An inevitable companion of rent control is the decay of the buildings. The owners of those buildings act precisely as you and I always act with our own investments. We look for safety and a good return. And just as you and I would have done, the owners of those rent-controlled properties began to skimp on upkeep and to transfer back into a market economy whatever capital they could recover from gross income.
When that process became obvious, the tenants organized to keep the rents low and legally to compel the owners to paint and repair the buildings and to provide adequate heat during the winter. But turning to the law to force investors to spend their money uneconomically never works. Since you and I don’t act that way, why do we expect the owners of rental buildings to act against their own self-interests?
In due course, the more desirable tenants began to move out of those deteriorating rent-controlled buildings in the South Bronx. Their places were increasingly taken by unemployed people existing on government welfare. That development soon induced almost all of the original tenants to move out.
Rent control laws help nobody, perhaps least of all the tenants trapped by them. Even high-income tenants frequently remain in their present locations and thus forgo more desirable jobs because of the higher rents they would have to pay if they accepted the offer of a better job and moved to another city.

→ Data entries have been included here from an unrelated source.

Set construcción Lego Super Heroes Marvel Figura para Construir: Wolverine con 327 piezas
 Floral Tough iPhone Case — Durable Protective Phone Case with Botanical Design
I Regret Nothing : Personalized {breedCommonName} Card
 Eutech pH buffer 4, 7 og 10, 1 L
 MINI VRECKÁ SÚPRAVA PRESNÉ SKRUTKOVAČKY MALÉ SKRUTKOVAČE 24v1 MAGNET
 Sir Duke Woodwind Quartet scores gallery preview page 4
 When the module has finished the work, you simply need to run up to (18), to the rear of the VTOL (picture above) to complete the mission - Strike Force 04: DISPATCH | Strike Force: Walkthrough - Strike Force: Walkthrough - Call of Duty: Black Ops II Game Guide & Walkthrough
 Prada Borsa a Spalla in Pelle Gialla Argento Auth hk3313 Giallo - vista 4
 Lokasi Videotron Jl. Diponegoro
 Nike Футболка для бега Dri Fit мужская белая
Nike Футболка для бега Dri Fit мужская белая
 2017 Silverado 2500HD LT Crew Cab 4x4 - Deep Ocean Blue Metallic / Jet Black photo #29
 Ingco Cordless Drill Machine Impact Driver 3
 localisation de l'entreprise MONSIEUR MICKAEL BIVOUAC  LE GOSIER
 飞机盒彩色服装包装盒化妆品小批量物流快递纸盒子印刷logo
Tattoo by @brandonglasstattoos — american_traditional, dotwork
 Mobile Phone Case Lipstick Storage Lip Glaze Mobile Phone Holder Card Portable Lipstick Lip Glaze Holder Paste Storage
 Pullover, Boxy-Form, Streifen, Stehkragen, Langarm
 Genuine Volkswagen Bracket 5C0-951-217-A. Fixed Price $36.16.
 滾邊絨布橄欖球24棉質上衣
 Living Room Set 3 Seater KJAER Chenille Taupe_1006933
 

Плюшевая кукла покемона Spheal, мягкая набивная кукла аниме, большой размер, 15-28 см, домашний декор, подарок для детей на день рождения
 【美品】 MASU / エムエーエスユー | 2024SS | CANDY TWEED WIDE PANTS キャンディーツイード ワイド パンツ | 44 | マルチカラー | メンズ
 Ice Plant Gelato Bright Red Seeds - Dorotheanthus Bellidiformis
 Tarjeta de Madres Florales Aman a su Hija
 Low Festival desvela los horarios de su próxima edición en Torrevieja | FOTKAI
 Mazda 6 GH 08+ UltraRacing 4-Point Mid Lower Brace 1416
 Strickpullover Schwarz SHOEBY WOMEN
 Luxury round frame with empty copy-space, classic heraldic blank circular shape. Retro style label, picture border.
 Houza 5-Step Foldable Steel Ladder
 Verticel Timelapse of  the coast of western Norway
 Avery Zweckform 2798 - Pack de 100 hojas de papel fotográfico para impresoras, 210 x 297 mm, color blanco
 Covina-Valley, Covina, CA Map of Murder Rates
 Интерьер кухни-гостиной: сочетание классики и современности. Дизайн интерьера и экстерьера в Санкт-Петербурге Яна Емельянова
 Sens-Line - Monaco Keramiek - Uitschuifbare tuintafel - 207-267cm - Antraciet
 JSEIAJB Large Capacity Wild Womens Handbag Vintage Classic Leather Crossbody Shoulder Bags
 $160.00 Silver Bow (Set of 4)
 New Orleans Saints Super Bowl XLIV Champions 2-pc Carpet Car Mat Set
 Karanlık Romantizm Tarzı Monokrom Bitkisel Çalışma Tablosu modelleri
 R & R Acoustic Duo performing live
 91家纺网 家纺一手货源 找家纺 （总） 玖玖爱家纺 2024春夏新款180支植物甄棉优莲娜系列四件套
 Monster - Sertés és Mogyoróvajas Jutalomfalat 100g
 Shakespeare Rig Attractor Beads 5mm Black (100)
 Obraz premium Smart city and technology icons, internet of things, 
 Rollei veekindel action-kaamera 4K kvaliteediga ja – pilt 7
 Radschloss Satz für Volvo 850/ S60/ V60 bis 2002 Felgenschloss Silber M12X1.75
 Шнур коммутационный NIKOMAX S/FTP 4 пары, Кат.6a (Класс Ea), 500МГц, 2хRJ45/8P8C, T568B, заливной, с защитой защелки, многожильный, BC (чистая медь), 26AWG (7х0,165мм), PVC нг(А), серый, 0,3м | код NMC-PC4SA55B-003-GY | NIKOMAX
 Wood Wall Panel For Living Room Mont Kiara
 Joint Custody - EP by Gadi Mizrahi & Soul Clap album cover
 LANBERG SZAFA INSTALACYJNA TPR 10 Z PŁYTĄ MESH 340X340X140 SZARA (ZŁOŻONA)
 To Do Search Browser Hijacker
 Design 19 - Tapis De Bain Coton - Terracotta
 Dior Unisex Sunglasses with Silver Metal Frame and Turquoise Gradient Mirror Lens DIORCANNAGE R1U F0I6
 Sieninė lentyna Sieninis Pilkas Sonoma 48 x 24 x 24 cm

Anyway, rent-controlled tenants in general are increasingly being dispossessed by the owners who convert their uneconomic rental buildings into cooperatives and condominiums in an effort to get a market return on their investments.
When we turn to government to stop the voluntary exchanging of goods and services that goes on among peaceful persons in a free market economy, the process does injury to all consumers, i.e., everybody, and often literally destroys the people who receive the government’s help.